WHAT THE TASK ASKS. Using the data that follows, return exactly the lines from the one that contains "Amy Zip Sweater - Unisex in gray" through the one that contains "vidaXL Écran de", ends included.

Caption-style text data:
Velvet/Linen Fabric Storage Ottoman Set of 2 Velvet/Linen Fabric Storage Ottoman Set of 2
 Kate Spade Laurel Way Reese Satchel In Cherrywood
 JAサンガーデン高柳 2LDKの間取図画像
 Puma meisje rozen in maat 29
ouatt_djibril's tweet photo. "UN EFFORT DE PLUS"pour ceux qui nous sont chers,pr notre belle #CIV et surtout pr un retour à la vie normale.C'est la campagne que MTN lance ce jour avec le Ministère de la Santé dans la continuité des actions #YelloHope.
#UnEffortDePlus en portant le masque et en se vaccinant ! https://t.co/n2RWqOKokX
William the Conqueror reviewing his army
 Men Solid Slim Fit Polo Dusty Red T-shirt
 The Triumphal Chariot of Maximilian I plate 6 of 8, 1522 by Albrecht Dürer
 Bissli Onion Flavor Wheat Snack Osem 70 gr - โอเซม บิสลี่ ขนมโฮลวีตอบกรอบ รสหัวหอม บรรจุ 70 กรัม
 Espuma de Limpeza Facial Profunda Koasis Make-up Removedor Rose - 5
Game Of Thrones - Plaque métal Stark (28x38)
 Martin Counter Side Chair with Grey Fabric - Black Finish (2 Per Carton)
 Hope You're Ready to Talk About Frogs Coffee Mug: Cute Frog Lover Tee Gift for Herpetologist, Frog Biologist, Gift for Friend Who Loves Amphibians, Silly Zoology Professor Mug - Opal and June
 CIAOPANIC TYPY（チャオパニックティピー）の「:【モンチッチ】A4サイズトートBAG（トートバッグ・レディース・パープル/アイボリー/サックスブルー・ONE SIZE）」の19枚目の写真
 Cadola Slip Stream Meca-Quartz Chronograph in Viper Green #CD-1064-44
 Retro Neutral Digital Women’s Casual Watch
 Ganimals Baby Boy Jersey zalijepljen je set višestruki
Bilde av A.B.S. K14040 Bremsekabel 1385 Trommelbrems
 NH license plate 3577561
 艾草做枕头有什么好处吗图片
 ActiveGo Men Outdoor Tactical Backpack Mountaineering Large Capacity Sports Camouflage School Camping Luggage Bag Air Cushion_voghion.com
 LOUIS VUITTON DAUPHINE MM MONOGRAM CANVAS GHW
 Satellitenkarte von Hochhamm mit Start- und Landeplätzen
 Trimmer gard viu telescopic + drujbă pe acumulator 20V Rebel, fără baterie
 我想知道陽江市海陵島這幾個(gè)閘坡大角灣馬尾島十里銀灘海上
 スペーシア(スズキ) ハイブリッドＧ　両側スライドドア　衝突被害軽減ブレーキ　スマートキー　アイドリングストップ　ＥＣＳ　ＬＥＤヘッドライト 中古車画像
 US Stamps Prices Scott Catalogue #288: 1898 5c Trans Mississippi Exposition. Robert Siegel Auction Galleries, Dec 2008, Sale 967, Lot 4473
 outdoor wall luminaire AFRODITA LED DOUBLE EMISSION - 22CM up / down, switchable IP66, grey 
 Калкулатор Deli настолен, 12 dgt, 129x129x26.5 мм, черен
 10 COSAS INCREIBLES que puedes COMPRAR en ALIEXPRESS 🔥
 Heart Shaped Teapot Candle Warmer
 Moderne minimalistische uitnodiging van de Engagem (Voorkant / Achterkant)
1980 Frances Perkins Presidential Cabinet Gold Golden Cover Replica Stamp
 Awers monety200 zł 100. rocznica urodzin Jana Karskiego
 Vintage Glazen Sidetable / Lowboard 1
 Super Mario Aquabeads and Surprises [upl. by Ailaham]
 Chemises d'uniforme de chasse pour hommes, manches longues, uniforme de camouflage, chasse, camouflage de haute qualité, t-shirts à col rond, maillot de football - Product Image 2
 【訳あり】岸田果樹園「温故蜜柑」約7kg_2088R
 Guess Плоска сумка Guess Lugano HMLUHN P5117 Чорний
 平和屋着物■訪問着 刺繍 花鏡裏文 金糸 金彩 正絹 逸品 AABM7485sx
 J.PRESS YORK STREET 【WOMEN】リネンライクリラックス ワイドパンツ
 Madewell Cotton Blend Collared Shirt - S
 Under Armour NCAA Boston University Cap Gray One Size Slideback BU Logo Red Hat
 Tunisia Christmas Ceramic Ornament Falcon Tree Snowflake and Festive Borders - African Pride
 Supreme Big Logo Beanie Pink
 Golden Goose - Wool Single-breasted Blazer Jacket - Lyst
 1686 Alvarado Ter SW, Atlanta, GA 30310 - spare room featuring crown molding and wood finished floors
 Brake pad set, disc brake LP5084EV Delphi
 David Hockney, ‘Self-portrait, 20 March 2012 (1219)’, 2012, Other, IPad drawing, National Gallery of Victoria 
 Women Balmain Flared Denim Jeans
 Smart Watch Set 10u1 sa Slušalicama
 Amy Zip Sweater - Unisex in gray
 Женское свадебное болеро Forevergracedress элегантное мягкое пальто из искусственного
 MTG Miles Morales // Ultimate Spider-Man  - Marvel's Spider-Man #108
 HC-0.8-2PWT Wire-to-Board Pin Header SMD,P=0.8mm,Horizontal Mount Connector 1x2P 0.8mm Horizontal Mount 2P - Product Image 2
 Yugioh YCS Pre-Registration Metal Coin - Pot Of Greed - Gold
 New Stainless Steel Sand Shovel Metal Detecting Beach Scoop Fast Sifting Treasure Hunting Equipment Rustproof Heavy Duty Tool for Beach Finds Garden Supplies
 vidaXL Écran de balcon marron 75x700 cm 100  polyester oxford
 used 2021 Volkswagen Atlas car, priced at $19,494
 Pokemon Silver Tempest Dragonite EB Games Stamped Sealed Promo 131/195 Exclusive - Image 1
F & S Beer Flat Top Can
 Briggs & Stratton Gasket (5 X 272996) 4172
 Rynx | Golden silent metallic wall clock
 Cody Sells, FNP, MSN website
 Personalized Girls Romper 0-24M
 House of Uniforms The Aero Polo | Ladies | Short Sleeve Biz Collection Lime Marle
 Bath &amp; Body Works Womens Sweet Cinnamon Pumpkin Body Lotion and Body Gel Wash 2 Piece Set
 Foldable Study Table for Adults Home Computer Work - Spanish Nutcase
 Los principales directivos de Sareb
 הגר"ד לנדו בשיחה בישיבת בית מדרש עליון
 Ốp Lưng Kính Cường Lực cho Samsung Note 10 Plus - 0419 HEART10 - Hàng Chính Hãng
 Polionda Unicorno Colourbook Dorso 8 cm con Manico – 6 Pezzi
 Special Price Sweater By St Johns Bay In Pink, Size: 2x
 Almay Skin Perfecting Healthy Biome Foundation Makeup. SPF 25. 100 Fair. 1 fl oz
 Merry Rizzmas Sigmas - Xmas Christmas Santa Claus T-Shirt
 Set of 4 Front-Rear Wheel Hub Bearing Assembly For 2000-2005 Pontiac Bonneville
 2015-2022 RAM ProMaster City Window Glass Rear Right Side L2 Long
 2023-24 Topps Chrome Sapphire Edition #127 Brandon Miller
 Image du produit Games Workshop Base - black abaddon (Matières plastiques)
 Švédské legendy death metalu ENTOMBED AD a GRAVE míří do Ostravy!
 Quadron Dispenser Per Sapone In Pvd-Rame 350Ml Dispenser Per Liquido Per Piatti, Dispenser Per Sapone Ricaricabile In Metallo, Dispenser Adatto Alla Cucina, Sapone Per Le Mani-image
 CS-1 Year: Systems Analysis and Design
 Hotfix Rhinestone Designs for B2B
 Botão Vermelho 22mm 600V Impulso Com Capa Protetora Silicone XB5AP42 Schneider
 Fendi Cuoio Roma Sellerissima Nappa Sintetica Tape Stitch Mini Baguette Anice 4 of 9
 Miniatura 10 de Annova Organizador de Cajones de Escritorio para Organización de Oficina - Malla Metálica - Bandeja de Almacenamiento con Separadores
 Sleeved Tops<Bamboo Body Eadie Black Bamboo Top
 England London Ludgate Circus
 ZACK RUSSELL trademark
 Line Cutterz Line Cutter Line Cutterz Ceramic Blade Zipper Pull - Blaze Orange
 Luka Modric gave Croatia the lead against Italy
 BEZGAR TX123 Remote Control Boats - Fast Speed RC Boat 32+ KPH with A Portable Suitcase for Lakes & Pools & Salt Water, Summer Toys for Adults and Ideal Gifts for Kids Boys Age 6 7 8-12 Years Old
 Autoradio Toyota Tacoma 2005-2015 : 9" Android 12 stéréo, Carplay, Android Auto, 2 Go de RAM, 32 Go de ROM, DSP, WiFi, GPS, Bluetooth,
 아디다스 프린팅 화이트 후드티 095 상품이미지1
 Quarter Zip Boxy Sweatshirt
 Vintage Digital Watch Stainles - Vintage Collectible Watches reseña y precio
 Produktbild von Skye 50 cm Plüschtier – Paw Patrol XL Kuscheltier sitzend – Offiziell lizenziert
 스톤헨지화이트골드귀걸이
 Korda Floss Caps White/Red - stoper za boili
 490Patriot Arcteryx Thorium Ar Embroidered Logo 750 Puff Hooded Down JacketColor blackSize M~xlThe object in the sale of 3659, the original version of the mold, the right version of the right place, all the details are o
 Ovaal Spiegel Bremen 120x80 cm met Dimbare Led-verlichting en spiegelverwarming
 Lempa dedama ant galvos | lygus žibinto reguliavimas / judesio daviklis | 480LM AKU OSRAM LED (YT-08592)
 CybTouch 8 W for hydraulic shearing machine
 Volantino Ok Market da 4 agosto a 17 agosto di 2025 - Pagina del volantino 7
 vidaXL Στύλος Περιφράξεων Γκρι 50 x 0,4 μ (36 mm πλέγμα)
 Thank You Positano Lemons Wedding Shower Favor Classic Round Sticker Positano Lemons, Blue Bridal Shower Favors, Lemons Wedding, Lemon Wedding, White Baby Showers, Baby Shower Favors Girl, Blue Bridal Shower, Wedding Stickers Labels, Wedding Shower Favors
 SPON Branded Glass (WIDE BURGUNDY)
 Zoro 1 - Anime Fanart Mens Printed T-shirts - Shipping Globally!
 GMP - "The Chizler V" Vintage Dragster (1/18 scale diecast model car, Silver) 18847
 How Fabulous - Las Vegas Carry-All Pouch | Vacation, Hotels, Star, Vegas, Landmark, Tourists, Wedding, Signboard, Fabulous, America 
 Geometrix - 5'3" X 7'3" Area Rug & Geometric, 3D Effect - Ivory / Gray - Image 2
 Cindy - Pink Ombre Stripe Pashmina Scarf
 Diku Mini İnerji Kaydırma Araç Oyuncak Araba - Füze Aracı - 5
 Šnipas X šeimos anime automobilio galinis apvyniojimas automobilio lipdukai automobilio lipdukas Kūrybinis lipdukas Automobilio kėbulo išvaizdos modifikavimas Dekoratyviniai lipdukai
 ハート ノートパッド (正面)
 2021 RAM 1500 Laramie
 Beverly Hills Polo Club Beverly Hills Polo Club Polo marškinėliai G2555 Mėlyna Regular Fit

EXERCISE SOLUTION.
 Amy Zip Sweater - Unisex in gray
 Женское свадебное болеро Forevergracedress элегантное мягкое пальто из искусственного
 MTG Miles Morales // Ultimate Spider-Man  - Marvel's Spider-Man #108
 HC-0.8-2PWT Wire-to-Board Pin Header SMD,P=0.8mm,Horizontal Mount Connector 1x2P 0.8mm Horizontal Mount 2P - Product Image 2
 Yugioh YCS Pre-Registration Metal Coin - Pot Of Greed - Gold
 New Stainless Steel Sand Shovel Metal Detecting Beach Scoop Fast Sifting Treasure Hunting Equipment Rustproof Heavy Duty Tool for Beach Finds Garden Supplies
 vidaXL Écran de balcon marron 75x700 cm 100  polyester oxford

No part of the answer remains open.